Data provided

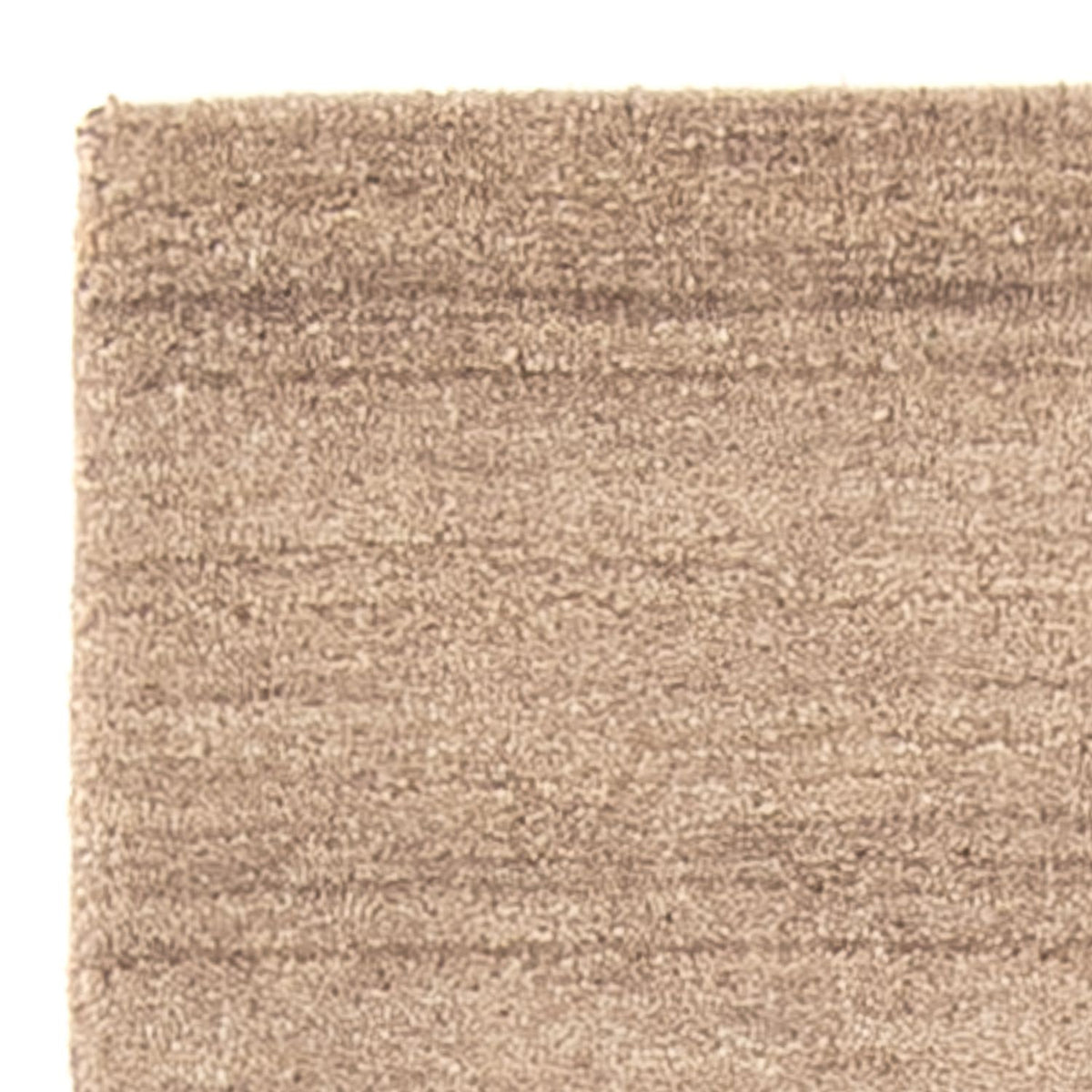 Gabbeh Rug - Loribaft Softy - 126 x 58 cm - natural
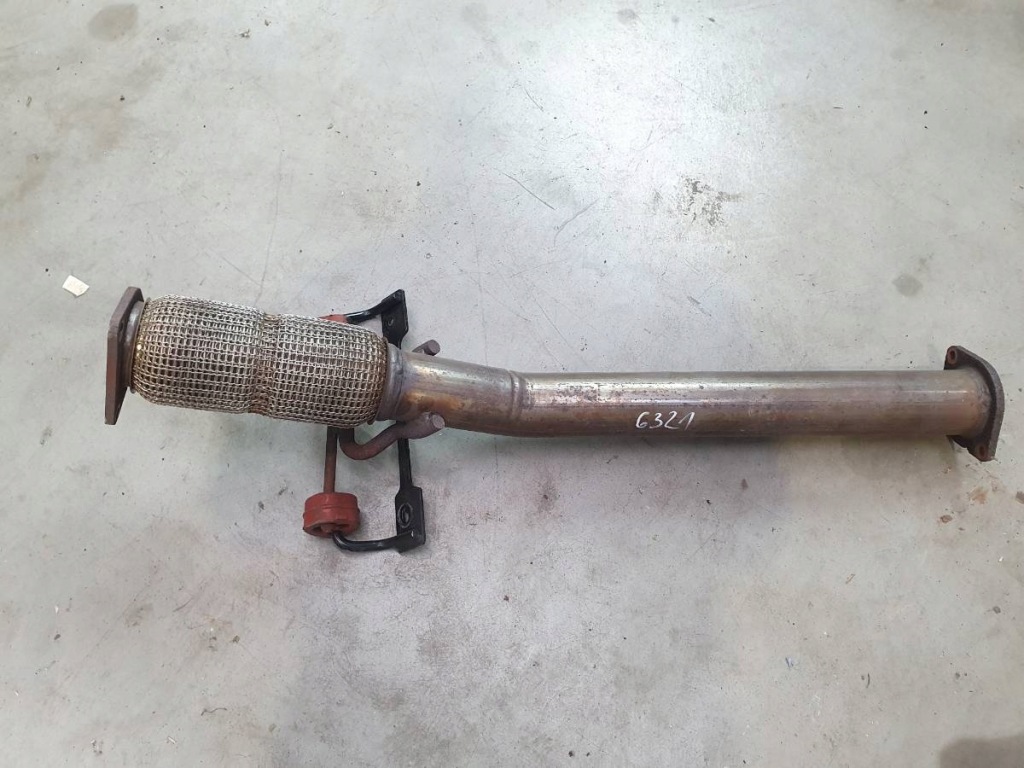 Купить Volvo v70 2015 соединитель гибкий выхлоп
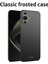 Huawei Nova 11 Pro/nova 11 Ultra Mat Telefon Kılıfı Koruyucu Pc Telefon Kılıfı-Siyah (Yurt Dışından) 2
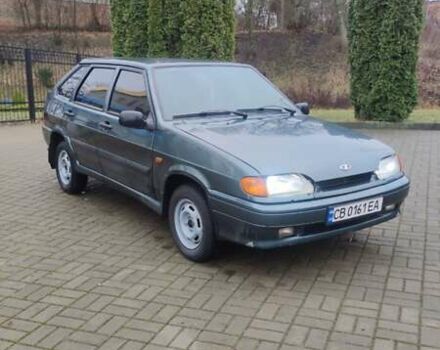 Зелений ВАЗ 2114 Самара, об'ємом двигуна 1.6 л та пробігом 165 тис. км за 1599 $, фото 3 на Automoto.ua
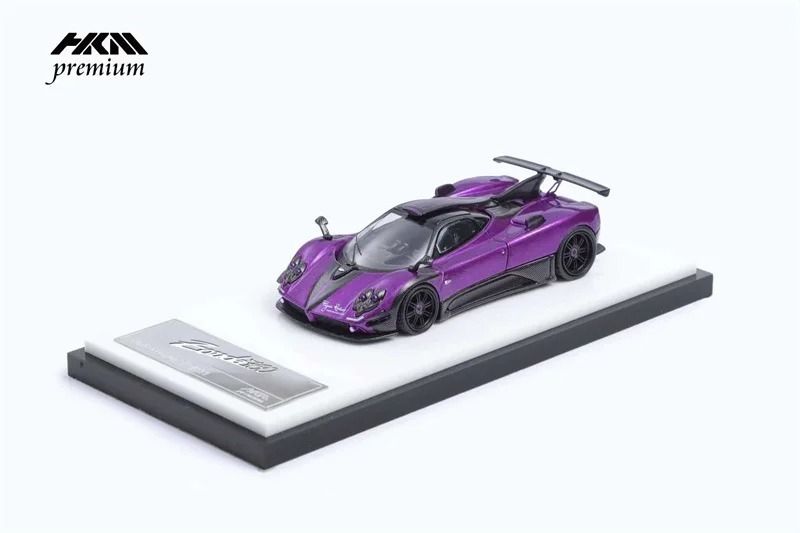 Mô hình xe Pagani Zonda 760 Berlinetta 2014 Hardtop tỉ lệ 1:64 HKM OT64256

What the task requires
Your task is to set down exactly the lines that run from the line holding "Huawei Nova 11" through the close of the entries, including both ends. Pictures stay out.

Written response
 Huawei Nova 11 Pro/nova 11 Ultra Mat Telefon Kılıfı Koruyucu Pc Telefon Kılıfı-Siyah (Yurt Dışından) 2
 Зелений ВАЗ 2114 Самара, об'ємом двигуна 1.6 л та пробігом 165 тис. км за 1599 $, фото 3 на Automoto.ua
 Mô hình xe Pagani Zonda 760 Berlinetta 2014 Hardtop tỉ lệ 1:64 HKM OT64256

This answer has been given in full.